Drogues légales - L’expérience de Liverpool

Anthony Henmann, Editions du Lézard, 1995, 146 p.

Le Royaume-Uni se distingue des autres pays du monde par une politique de délivrance contrôlée des drogues « dures » qui remonte à 1926. Contrairement aux pratiques prohibitionnistes en vigueur dans le reste du monde, le « British System » permet à tout médecin de prescrire n’importe quelle substance psychotrope à un patient. Une loi est juste venue réduire cette possibilité en 1967, en exigeant que les praticiens ayant cette liberté soient titulaires d’une licence du Ministère de l’Intérieur. Pour faire face à la vague de toxicomanie, des cliniques spécialisées devaient s’établir dans les régions les plus touchées. C’est ainsi qu’ouvre en 1982 à Widnes dans la région de Liverpool un premier établissement sous la direction du Docteur Marks. En 1985, deux nouveaux centrse  se créent . Toute une gamme de drogues peuvent y être prescrites: héroïne, méthadone, amphétamine et cocaïne. Mais, cette prescription s’inscrit dans une logique plus large de prévention des risques. Ce dont il s’agit c’est bien d’attirer le maximum d’usagers dans les services de soins et de développer chez eux des pratiques sanitaires favorisant la prévention du VIH. Les résultats de ce qui devient très vite le « modèle de Liverpool » sont uimpressionnants.

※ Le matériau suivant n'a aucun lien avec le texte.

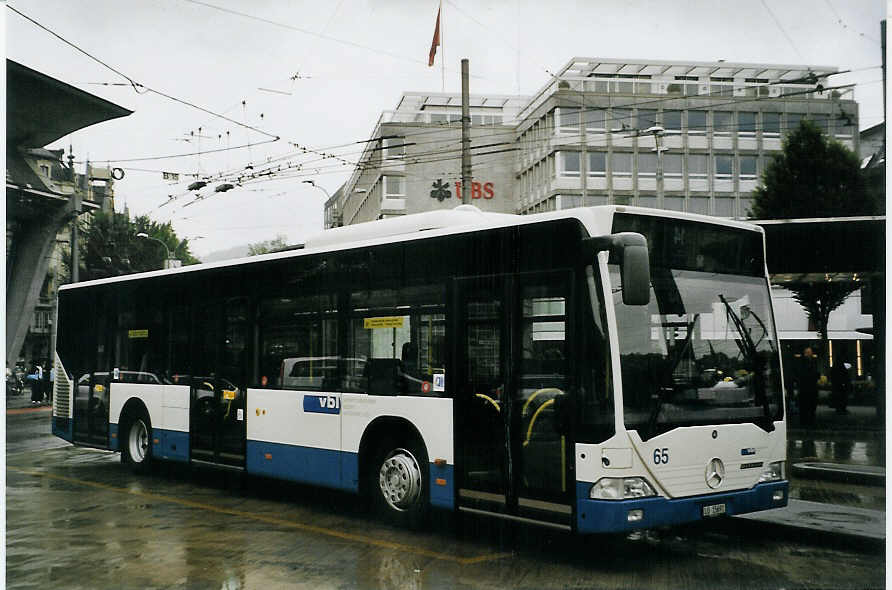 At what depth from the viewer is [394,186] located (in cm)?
2900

 En matière de criminalité tout d’abord. Des études menées par la brigade de police locale chargée des stupéfiants concernant les 142 clients dui dispositif du Docteur Marks font état d’une diminution de 6,88 à 0,44 condamnations en moyenne par personne, soit une division par 15 des actes de délinquance.

En matière sanitaire, ensuite. Le taux de toxicomanes séropositifs s’effondre d’une manière spectaculaire. La région concernée par cette expérience comporte un taux de personnes se droguant par injection presque deux fois supérieur à celui de la région londonienne. On y compte pour autant seulement 8 porteurs du virus par million de personnes contre 187 en Ecosse et 135 dans le nord-ouest de Londres. Le taux d’infection des toxicomanes y est de 1,5% contre 30 à 50% de bien d’autres villes européennes.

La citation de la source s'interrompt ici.